Can data science find Bigfoot?


An analytical approach to tracking down one of the world’s most elusive cryptids

Photo by Jon Sailer on Unsplash

Watching Bigfoot researchers chasing — sometimes quite literally — circumstantial evidence, noises, and half-glimpsed shadows through the forest at night certainly makes for some great TV.

I love killing time with a bit of TV, and a show called “Expedition Bigfoot” has kept me entertained on many a lunch break. However, this show isn’t the run-of the-mill cryptid documentary as it claims to use a “data algorithm” to first identify a target search zone before sending in human researchers to track down the hairy subject.

Obviously my ears pick up when I hear something like this, and short of packing an overnight bag, I start to wonder what I can do to help the search. So here we go, “helping”!

While this is going to be quite a lighthearted article, I’m going to take a look at some data, covering:

  1. Exploratory data analysis (EDA) with Pandas Profiling
  2. Exploratory data analysis the old-fashioned way
  3. Clustering with OPTICS

The data comes from Timothy Renner¹, who in turn sourced the observations from the Bigfoot Field Researchers Organization².

A quick peek at the data:

Image by author

There are loads of interesting fields, for example:

  • Location features such as state, county, and latitude and longitude of the sighting.
  • Weather features containing not only temperature, cloud cover, and precipitation but temperature ranges, precipitation details, and wind speed.
  • Esoteric information like phase of the lunar cycle.
  • A full text description of the events leading up to the sighting, and details of the sighting itself.

Pandas-Profiling is a great tool to explore data with. With just a few lines of code you can get a really informative interactive report which summarises important features of your data. Let’s see it in action.

# create the report
from pandas_profiling import ProfileReport
profile = ProfileReport(df)
profile.to_file(os.path.join(folder,'bfro_reports_eda.html'))
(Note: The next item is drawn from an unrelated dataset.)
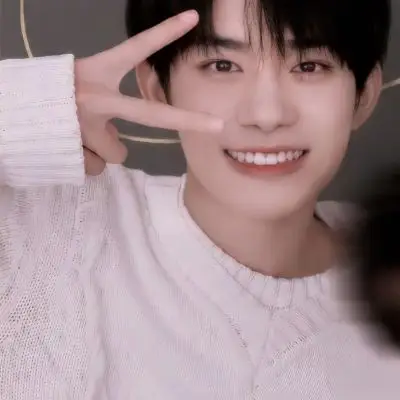 易烊千玺_男生头像_我要个性网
We can take a look at the classification feature in more depth:

Image by author

Quite a detailed breakdown of what will turn out to be an important feature — more on that later.

We can also visualise interactions — this visual explaining the relationship between wind speed and air pressure:

Image by author

Pandas-Profiling also includes functionality to help us understand our data through various measures of correlation:

Image by author

Of course, no EDA would be complete without a summary of missingness. Here we have a few great exhibits — first up, a chart of missingness by column.

Image by author

… as well as correlation between missing values:

Image by author

So much great info, with such little effort.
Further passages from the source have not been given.